El asunto de la nación ha ocupado un espacio importante en el debate interno de Chile Vamos. La discusión empezó respecto al documento “Convocatoria”, y rebrotó en torno al “Manifiesto por la República y el buen gobierno”, en cuya redacción participé junto a Hugo Herrera, Joaquín García-Huidobro, Ramiro Mendoza, y los senadores Andrés Allamand y Hernán Larraín,

Los sectores más liberales dentro del conglomerado ven con preocupación la utilización de esta categoría. La asocian, no sin motivo, a peligrosos regímenes populistas, militaristas y autoritarios. Así como a posturas xenofóbicas y antiglobalización. Y creen que el solo hecho de introducirla puede dar pie al desarrollo de ese tipo de visiones. Sin embargo, en ambos textos la nación aparece rescatada como un principio de identidad, apertura e integración, no de exclusión y discriminación arbitraria. Luego, nos encontramos frente a un debate sofisticado, que exige evaluar los beneficios y riesgos involucrados en la apelación a la nación, y tomar una posición política al respecto.

La nación, tal como la definió Ernest Renan, es un pacto entre los vivos, los muertos y los que están por nacer en un determinado territorio. Es un principio, entonces, de solidaridad intergeneracional. También es un principio identitario e igualitario, porque todos somos iguales frente a ella, lo que involucra una solidaridad intrageneracional. Así, este concepto destaca el hecho de que somos parte de una comunidad política, y ello plantea exigencias y responsabilidades. Uno de los elementos que las visiones más individualistas de la sociedad suelen pasar por alto, y que se vuelve muy valiosa a la hora de enfrentar desafíos comunes importantes.

Lo peligroso del concepto, que los liberales destacan correctamente, es que las identidades comunes muchas veces son alimentadas por el miedo y el odio a lo distinto y a lo extranjero. Los chivos expiatorios siempre han sido elegidos entre los débiles y los diferentes, que no pueden defenderse. Y los horrores totalitarios del siglo XX -todos nacionalistas- nos previenen de creer que la modernidad haya inutilizado aquellos mecanismos primitivos. Las visiones colectivistas y comunitaristas demasiado entusiastas suelen olvidar estas lecciones.

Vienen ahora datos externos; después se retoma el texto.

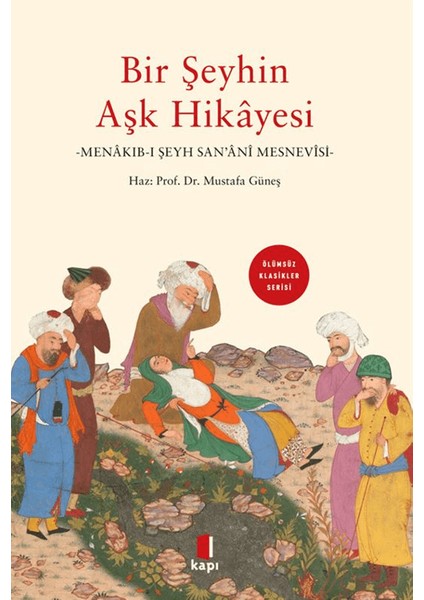 Bir Şeyhin Aşk Hikayesi - Mustafa Güneş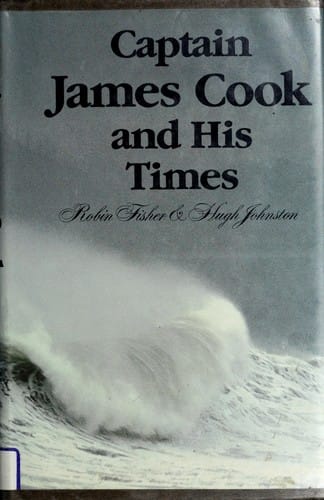 Captain James Cook and his times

¿Quá hacer entonces? La estrategia de guardar en un cajón la idea de nación y utilizar los mecanismos coercitivos de la corrección política para prevenir el resurgimiento de su lado oscuro se ha mostrado bastante inútil, al igual que los discursos oficiales multiculturalistas. De hecho, los rebrotes de nacionalismos odiosos suelen alimentarse del resentimiento de los silenciados, así como de la incapacidad del discurso multiculturalista para entregar respuestas y mediaciones frente a fenómenos laborales y migratorios incentivados por la globalización .

Una idea de nación abierta e integradora como la propuesta en el “Manifiesto”, entonces, parece la mejor alternativa para aprovechar sus beneficios y, al mismo tiempo, enfrentar sus patologías, justamente porque no le concede a ellas la hegemonía sobre el concepto.